An Empirical Investigation of Representation Learning for Imitation

Imitation learning often needs a large demonstration set in order to handle the full range of situations that an agent might find itself in during deployment. However, collecting expert demonstrations can be expensive. Recent work in vision, reinforcement learning, and NLP has shown that auxiliary representation learning objectives can reduce the need for large amounts of expensive, task-specific data. Our Empirical Investigation of Representation Learning for Imitation (EIRLI) investigates whether similar benefits apply to imitation learning. We propose a modular framework for constructing representation learning algorithms, then use our framework to evaluate the utility of representation learning for imitation across several environment suites. In the settings we evaluate, we find that existing algorithms for image-based representation learning provide limited value relative to a well-tuned baseline with image augmentations. To explain this result, we investigate differences between imitation learning and other settings where representation learning has provided significant benefit, such as image classification. Finally, we release a well-documented codebase which both replicates our findings and provides a modular framework for creating new representation learning algorithms out of reusable components.
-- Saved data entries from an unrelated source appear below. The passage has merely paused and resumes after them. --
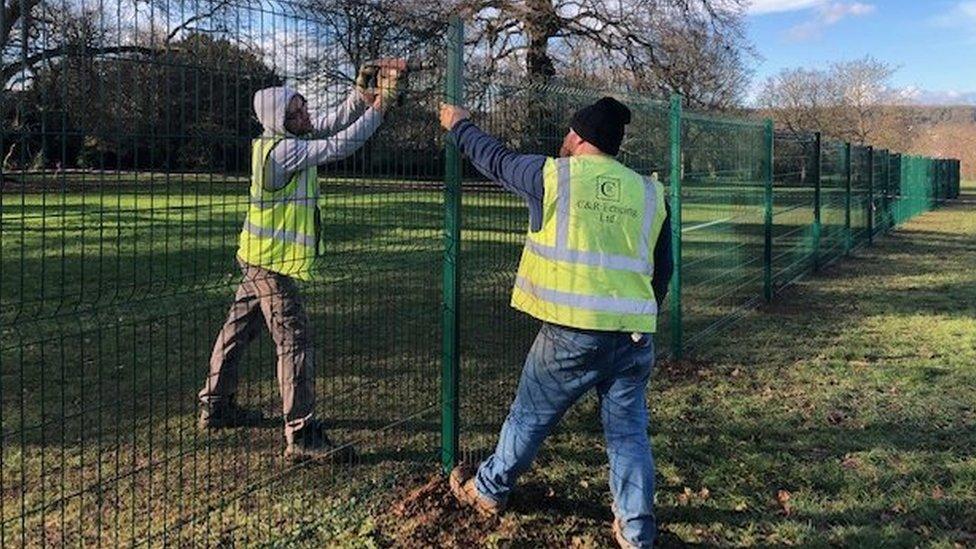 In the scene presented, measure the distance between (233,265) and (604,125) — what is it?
329 centimetres

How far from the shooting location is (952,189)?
46.5 metres

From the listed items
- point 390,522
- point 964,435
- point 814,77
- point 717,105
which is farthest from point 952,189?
point 390,522

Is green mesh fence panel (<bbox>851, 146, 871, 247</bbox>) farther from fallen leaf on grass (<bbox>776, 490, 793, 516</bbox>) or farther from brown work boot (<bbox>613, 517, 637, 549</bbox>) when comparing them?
brown work boot (<bbox>613, 517, 637, 549</bbox>)

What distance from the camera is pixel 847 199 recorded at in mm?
16453

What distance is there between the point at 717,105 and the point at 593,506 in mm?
22756

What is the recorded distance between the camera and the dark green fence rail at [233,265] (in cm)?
319

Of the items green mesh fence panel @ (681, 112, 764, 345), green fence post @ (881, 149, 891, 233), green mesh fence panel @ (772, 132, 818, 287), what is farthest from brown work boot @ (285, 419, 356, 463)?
green fence post @ (881, 149, 891, 233)

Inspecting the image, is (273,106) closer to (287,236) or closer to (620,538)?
(287,236)

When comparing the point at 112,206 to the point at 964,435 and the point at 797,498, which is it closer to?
the point at 797,498

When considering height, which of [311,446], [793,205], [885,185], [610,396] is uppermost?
[885,185]

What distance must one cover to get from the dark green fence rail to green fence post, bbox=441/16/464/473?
0.01 m

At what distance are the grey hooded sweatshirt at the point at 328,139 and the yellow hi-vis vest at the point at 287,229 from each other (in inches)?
2.7

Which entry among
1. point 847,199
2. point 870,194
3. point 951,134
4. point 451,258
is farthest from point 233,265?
point 951,134

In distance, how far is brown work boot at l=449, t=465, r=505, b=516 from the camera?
172 inches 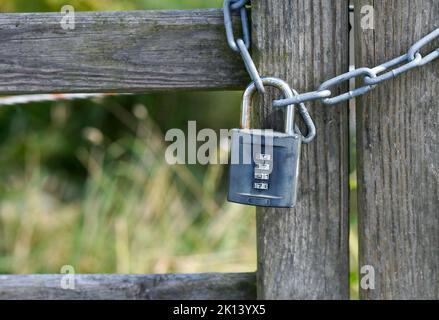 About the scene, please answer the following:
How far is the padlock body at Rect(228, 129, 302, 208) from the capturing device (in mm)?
1177

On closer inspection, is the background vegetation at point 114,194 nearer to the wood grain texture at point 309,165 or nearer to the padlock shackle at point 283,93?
the wood grain texture at point 309,165

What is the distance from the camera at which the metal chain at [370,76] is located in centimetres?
115

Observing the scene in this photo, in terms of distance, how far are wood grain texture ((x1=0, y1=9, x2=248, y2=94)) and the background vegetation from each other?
1343 millimetres

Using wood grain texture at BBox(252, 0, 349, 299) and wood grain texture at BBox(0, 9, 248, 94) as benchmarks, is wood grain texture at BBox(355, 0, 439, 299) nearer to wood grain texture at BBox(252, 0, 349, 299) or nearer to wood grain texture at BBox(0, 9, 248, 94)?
wood grain texture at BBox(252, 0, 349, 299)

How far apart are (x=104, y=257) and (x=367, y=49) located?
2.26 metres

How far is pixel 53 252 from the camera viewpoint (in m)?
3.29

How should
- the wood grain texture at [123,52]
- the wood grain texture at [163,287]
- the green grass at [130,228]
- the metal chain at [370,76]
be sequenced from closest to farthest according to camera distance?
1. the metal chain at [370,76]
2. the wood grain texture at [123,52]
3. the wood grain texture at [163,287]
4. the green grass at [130,228]

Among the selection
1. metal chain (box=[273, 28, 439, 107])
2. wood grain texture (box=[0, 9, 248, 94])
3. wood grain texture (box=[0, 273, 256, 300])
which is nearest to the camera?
metal chain (box=[273, 28, 439, 107])

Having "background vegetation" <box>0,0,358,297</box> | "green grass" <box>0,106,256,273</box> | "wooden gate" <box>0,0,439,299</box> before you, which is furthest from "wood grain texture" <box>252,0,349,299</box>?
"green grass" <box>0,106,256,273</box>

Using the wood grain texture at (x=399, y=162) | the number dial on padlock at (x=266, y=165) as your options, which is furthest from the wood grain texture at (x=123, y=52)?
the wood grain texture at (x=399, y=162)

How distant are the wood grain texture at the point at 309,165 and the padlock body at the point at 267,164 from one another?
0.08 m

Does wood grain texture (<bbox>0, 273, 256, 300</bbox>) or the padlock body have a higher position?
the padlock body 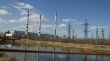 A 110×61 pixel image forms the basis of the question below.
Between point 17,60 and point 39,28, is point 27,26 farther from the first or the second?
point 17,60

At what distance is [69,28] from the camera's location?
139 meters

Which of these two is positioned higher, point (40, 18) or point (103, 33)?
point (40, 18)

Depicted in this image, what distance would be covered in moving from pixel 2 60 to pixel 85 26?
8958cm

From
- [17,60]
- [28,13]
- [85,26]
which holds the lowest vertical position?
[17,60]

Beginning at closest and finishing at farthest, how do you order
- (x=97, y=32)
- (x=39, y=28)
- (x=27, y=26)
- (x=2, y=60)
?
(x=2, y=60) → (x=97, y=32) → (x=27, y=26) → (x=39, y=28)

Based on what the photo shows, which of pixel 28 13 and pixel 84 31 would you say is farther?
pixel 28 13

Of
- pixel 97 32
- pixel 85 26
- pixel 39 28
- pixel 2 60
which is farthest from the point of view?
pixel 39 28

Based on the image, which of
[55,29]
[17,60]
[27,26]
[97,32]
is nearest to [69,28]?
[55,29]

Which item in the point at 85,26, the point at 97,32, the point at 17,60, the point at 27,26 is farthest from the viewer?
the point at 27,26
A Primer on Maximum Causal Entropy Inverse Reinforcement Learning

Inverse Reinforcement Learning (IRL) algorithms infer a reward function that explains demonstrations provided by an expert acting in the environment. Maximum Causal Entropy (MCE) IRL is currently the most popular formulation of IRL, with numerous extensions. In this tutorial, we present a compressed derivation of MCE IRL and the key results from contemporary implementations of MCE IRL algorithms. We hope this will serve both as an introductory resource for those new to the field, and as a concise reference for those already familiar with these topics.